Wednesday, July 16, 2008

Hiring a Tax Professional -- Is Location Important?

Our company, Washington Tax Services, is based in Seattle, Washington. We have four Enrolled Agents on staff, one CPA and one attorney. The Enrolled Agent's license is granted by the IRS and gives the tax professional the ability to practice in all 50 states. We help people from Prudhoe Bay, Alaska to Tampa, Florida to Presque Isle, Maine. We have 20 years of legitimate experience to draw from.

When is local better? The only time that I would recommend a local tax professional over Washington Tax Services is when a TON of bookkeeping (and I mean a ton of bookkeeping is going to be necessary to make Profit and Loss Statements). For the record, we have taken on many cases like this: it just requires shipments via UPS usually.
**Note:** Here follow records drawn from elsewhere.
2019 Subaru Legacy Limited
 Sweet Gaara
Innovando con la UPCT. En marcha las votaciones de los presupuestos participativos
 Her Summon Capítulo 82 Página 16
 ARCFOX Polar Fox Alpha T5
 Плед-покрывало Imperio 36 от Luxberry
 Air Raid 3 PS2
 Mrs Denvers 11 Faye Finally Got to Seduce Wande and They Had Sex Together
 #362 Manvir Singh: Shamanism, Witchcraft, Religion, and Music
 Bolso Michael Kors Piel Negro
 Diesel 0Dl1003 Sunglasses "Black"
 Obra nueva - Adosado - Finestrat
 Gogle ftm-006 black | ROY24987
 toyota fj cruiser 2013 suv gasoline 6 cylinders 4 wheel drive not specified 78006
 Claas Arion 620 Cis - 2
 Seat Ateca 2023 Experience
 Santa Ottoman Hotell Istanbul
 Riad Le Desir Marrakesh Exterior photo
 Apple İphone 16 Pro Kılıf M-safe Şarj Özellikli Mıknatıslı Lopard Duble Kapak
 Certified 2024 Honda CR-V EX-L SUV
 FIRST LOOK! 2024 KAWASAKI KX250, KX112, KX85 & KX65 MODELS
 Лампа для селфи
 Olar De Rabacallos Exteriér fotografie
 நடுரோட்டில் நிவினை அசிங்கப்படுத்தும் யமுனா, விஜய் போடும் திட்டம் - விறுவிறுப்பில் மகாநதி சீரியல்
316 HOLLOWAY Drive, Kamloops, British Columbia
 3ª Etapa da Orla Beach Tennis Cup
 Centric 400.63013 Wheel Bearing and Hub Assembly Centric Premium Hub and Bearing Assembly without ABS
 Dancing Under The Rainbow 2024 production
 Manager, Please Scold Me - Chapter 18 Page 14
Local, however, is often worst. A company that advertises on TV whoses corporate offices are in South Carolina gives people the wrong impression that that they are local. When in actuality, their firm has temporary offices in strip malls around the country staffed by SALESPEOPLE. I have heard that many of these fly-by-night offices are no longer in existence, stranding hundreds of customers.

Thursday, July 10, 2008

Our Database of IRS Revenue Officers

Not to oversell Washington Tax Services, but another rare thing we have here is a database of IRS Revenue Officers compiled over twenty years of doing cases. This database is helpful when you can't find your Revenue Officer and your situation is an emergency. In those moments, we can access other people in the IRS office.

Wednesday, July 2, 2008

Who Practices before the IRS?

There are three licenses to practice before the IRS:

1. Attorney
2. Certified Public Accountant (CPA)
3. Enrolled Agent (EA).

I have the third license, E.A.. The important question is : of these three licenses, which training truly prepares and educates one for dealing with the IRS collection branch? Actually NONE of them!

Knowledge of the IRS collection branch comes to one through experience ONLY. I am proud of my Enrolled Agent's license and my education in the nuances of the IRS code. However, I would have to be honest that it is the eleven years of handling cases at Washington Tax that have provided me with the know-how to handle IRS collection's cases.

When shopping for tax representation, the license to practice is important, but just as significant is one's experience handling collection's cases?

Here's two humdingers of questions to separate the experienced from the novices:

Does filing a return to replace a substitute-for-return change the statute of limitations?

NO

Are personal taxes potentially dischargeable in bankruptcy? YES

If a professional answers either of these questions wrong, keep shopping.